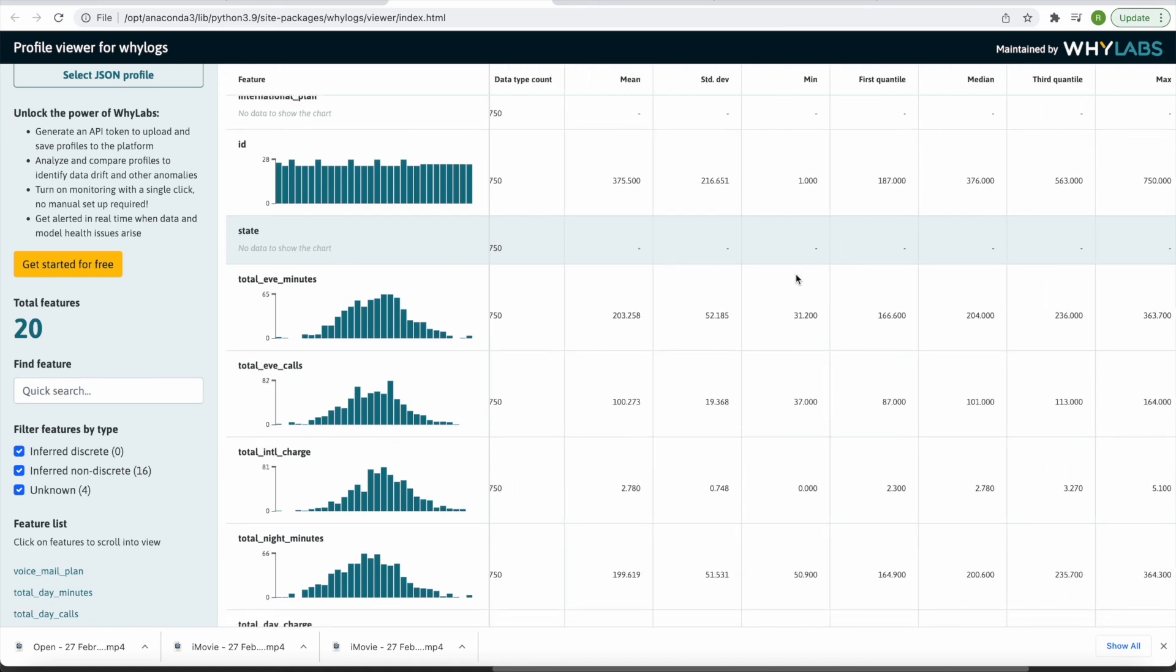Next, we'll see how these profiles can be uploaded to the WhyLabs platform for automated and customizable monitoring and alerting using profiles uploaded over time.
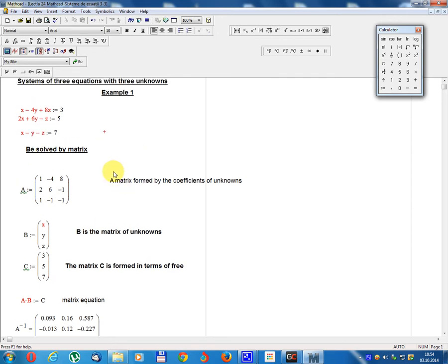We solve by matrix. Matrix A equals: row 1: 1, minus 4, 8; row 2: 2, 6, minus 1; row 3: 1, minus 1, 1. This is the matrix formed by the coefficients of the unknowns.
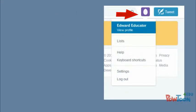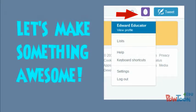Step 1: Click on the little egg in the upper right-hand corner of the screen, then select View Profile, which is the first option.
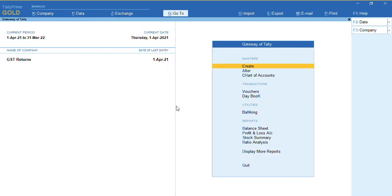Before we proceed with the report, I'll give you information that we have to download the tool if you want to export in Excel format. To download this tool, we need to visit the website www.gst.gov.in.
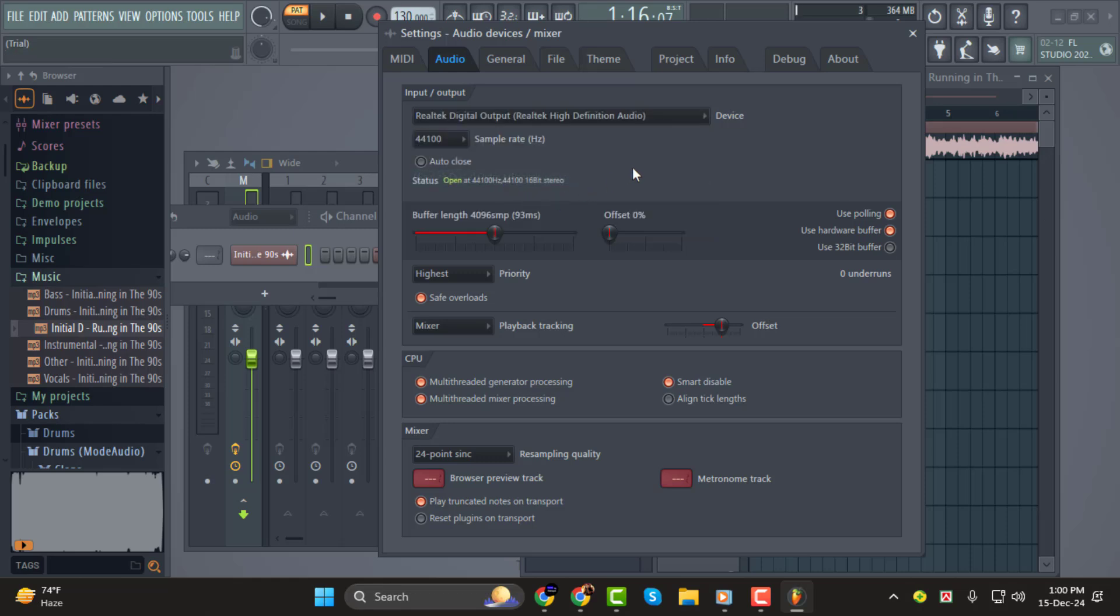And that's it. You're now set to hear your beats clearly through your headphones in FL Studio.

•••••

#### Exercise goal:
Reproduce the listing above exactly, excluding all pictures.

#### Solution:
Next, we'll see how these profiles can be uploaded to the WhyLabs platform for automated and customizable monitoring and alerting using profiles uploaded over time.
We solve by matrix. Matrix A equals: row 1: 1, minus 4, 8; row 2: 2, 6, minus 1; row 3: 1, minus 1, 1. This is the matrix formed by the coefficients of the unknowns.
Step 1: Click on the little egg in the upper right-hand corner of the screen, then select View Profile, which is the first option.
Before we proceed with the report, I'll give you information that we have to download the tool if you want to export in Excel format. To download this tool, we need to visit the website www.gst.gov.in.
And that's it. You're now set to hear your beats clearly through your headphones in FL Studio.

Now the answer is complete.